“Moro representa um bolsonarismo sem Bolsonaro”, diz Antonio Neto

Em 10 de novembro, o ex-juiz e ex-ministro de Jair Bolsonaro Sergio Moro subiu definitivamente no palanque eleitoral ao se filiar ao Podemos e assumir a pré-candidatura à Presidência da República. Em um discurso de 42 minutos, Moro apresentou-se como um candidato com todos os predicados do establishment, em uma versão Collor 2.0. Moro, que outrora havia jurado não entrar para a disputa eleitoral, apresentou as bases de sua agenda econômica: a manutenção de tudo que aí está. Em uma fala ensaiada, pregou novas reformas liberais, o teto de gastos e mais privatizações. Em resumo, representa um bolsonarismo sem Bolsonaro.

Em seu discurso nada empolgante, o ex-ministro mostrou que sua candidatura oferece aos trabalhadores aquilo que levou o País à mais brutal precarização do mercado de trabalho, à queda vertiginosa da renda do povo brasileiro, aos mais altos índices de desemprego e à miséria pandêmica que deixa 130 milhões de brasileiros em situação de insegurança alimentar.
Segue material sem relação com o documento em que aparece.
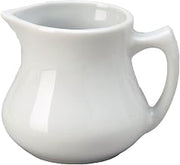 CRE-4-P Argyle and Catalina Creamer, 4 oz., Porcelain White (Pack of 36)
O “Posto Ipiranga” de Moro é o economista Affonso Celso Pastore, ex-presidente do Banco Central no governo Figueiredo – na verdade, ele está mais para o “Posto Shell”. Pastore ficou conhecido por uma gestão desastrosa que aprofundou ainda mais o cenário monetário do período, marcado pela hiperinflação. Mesmo que na prática tenha fracassado, é bem-visto pelo mercado financeiro, que vai redobrar a aposta no neoliberalismo promovido por Paulo Guedes.
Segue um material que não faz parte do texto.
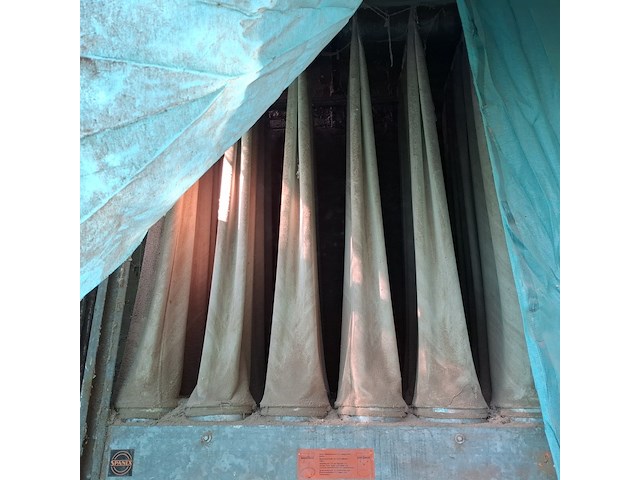 Stofafzuiging spanex - afbeelding 9 van  12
Consultor e um dos queridinhos do mercado, Pastore é defensor das reformas promovidas pelos últimos governos. Foi um dos maiores expoentes das mudanças na legislação trabalhista e previdenciária, além de ser um apoiador assíduo da reforma administrativa que ameaça os servidores e o serviço público brasileiro. Em suas intervenções, prega uma política de austeridade sem falar um “a” dos grandes problemas nacionais, entre eles a injusta tributação.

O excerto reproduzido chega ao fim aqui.